Apologies for my absence. I haven't been in Edinburgh or anything like that - although there has been a Fringe in Camden, so a bit like that... And now I think of it I have been quite consciously favouring Irn Bru when popping into newsagents for a change of scene, thereby the August rituals are kept alive. But what might I have posted about? Well, following the here-hinted-at cancellation of Money a month ago I had about a week on Murun Buchstansagerish, squalid auto-pilot, cooped up in my stuffy, smelly crack -


- when suddenly the money from Garnier arrived (so that IS my voice) and the Camden Fringe fortuitously coincided with my freed-up evenings, finally letting me see what everyone else had been making. And that was joyous. Partly it was joyous just to catch up with friends from the London Dungeon (where I'm back, obviously) but the chief joy came from simply being able to sit in an audience again, and from being impressed and addressed and surprised by these friends. And being proud, and to be feeling part of something other than Shunt. 'That Mitchell and Webb Look' was happening as well, I know, but - maybe because I haven't written a single minute of comedy this year - I didn't really feel a part of that any more (God knows I tried, watching and re-watching every 'Prayer and a Pint' posted on youtube and relishing David's phrasing and Stuart Scudamore as the Iranian extra proving there are no small roles, only small actors - He is for me this season's giant robot scorpion -


all this while still having no real idea what I thought I was doing... HamerD's comment probably sums it up best: 'It's not supposed to be a classy sketch.')

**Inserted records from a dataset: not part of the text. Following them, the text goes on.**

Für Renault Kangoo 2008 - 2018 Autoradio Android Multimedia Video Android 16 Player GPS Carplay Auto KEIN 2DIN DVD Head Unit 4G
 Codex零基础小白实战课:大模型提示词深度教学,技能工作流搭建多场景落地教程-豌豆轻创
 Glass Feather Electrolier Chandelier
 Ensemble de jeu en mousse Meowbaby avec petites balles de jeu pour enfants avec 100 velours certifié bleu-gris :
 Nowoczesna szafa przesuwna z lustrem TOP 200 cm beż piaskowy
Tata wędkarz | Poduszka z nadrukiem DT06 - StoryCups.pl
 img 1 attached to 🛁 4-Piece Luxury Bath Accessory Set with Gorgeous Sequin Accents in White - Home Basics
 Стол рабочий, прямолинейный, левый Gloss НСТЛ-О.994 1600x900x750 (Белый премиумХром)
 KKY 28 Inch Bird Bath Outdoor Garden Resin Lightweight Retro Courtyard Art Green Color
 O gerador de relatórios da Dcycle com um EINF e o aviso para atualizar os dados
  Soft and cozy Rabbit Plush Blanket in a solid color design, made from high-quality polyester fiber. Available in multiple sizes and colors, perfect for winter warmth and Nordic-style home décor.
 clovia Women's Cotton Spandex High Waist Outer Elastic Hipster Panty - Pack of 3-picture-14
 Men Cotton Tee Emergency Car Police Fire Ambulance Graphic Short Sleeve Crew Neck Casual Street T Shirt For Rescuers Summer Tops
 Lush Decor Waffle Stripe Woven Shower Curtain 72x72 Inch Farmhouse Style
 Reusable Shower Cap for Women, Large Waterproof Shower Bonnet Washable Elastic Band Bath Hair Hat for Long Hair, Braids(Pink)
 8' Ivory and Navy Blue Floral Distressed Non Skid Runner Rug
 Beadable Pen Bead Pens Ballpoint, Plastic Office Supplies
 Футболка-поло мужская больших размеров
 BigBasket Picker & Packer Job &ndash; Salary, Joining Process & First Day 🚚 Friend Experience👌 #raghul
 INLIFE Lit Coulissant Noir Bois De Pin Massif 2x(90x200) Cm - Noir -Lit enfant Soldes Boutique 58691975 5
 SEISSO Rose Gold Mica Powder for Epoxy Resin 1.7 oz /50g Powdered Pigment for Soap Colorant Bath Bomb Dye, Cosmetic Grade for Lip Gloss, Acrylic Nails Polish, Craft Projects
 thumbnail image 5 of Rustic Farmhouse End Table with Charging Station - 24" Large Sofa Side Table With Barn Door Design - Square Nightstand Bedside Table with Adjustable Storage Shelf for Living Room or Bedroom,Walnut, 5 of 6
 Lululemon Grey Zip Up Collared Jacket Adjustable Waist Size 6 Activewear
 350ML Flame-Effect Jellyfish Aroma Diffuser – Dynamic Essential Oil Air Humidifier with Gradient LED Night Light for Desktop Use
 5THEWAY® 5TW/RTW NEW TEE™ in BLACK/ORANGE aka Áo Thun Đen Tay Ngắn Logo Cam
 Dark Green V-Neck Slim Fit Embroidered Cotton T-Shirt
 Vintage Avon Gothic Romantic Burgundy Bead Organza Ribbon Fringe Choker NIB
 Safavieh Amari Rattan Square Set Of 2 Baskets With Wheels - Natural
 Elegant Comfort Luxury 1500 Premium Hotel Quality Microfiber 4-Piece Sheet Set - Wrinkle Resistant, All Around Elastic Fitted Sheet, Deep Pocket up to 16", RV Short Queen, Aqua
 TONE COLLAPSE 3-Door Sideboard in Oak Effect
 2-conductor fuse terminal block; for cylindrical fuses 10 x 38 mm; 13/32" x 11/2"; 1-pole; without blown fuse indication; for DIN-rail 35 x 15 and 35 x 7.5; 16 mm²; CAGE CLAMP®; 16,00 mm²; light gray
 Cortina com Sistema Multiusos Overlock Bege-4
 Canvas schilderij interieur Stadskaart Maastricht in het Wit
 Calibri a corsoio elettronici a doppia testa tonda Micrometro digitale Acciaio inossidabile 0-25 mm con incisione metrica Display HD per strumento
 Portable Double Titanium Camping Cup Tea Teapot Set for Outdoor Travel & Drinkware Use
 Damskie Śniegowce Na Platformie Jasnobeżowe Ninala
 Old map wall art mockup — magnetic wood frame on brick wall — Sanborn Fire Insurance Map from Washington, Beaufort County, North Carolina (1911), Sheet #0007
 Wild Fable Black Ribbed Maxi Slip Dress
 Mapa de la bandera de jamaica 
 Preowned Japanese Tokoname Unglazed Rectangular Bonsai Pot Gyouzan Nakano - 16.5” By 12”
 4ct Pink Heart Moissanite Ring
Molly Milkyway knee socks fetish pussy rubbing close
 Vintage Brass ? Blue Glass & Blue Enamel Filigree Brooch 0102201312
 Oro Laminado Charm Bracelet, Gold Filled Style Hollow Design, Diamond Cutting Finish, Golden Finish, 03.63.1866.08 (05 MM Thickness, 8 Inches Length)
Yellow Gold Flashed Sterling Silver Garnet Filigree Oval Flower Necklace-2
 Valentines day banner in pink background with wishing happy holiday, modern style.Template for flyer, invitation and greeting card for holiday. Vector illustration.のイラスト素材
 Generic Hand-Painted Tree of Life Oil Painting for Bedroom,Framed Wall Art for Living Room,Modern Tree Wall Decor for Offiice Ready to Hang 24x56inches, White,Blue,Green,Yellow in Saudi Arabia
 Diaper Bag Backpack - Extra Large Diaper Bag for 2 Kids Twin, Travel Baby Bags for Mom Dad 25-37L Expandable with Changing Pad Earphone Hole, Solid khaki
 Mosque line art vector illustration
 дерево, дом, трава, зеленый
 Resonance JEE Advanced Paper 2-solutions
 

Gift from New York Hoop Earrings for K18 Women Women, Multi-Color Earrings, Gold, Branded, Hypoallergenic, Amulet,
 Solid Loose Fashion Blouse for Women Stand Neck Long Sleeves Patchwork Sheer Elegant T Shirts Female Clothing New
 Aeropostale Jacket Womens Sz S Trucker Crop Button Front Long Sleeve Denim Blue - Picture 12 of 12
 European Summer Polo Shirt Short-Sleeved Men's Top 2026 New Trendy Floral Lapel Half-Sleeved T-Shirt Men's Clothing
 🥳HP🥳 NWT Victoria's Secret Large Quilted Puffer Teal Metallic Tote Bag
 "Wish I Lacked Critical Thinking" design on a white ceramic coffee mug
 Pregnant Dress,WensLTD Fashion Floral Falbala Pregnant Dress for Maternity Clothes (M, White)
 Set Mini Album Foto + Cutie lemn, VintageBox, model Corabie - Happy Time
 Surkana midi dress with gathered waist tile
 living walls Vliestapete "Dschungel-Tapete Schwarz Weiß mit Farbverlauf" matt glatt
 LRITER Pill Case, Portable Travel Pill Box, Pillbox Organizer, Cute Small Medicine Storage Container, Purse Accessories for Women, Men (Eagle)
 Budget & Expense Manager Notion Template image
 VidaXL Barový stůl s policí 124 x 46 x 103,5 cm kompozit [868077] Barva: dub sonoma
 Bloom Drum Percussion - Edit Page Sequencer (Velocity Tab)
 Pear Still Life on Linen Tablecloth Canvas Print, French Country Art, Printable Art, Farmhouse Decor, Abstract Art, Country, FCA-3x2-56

"What else do I feel a part of? Well, the recession obviously. I have three jobs now, and there are four people living here in Morgan's now, not two. (Yesterday's Evening Standard proudly proclaimed George Osborne 'leads the way and sacks 350' so it's good to know we're all doing our bit.) Job one's the Dungeons. Job two's the Ghost Bus Tours, started up by an old Dungeon friend Ben Whitehead and doing very nicely it seems. I jump on and off in the evenings. I sweat and get possessed. The city is our stage I suppose, and that's a bit like Edinburgh.

"And job Three's 'Money' by Shunt. Which is running again. Four shows a week now. This must be good news because it's an outstanding show, and it shows just how huge an amount of work is going into its survival. But on our first night back I did realise that I hadn't missed it at all. I suppose there's a lot of anger tied up in that place (and anger's a hard barb to shift, as obviously poisonous as it is, because it's righteous). But let's turn up and do the show, let's see if we can get the bar going. But also let's find another focus. It's September. I need to write. Actually that's not the problem, I need to write loads: half-hours, hours, three-dimensional people who interact with each other over a period of time and make sense and don't make sense, that's the block. Apologies. Here meanwhile, as promised, and as no kind of spur, is the state of Douglas Adams' grave."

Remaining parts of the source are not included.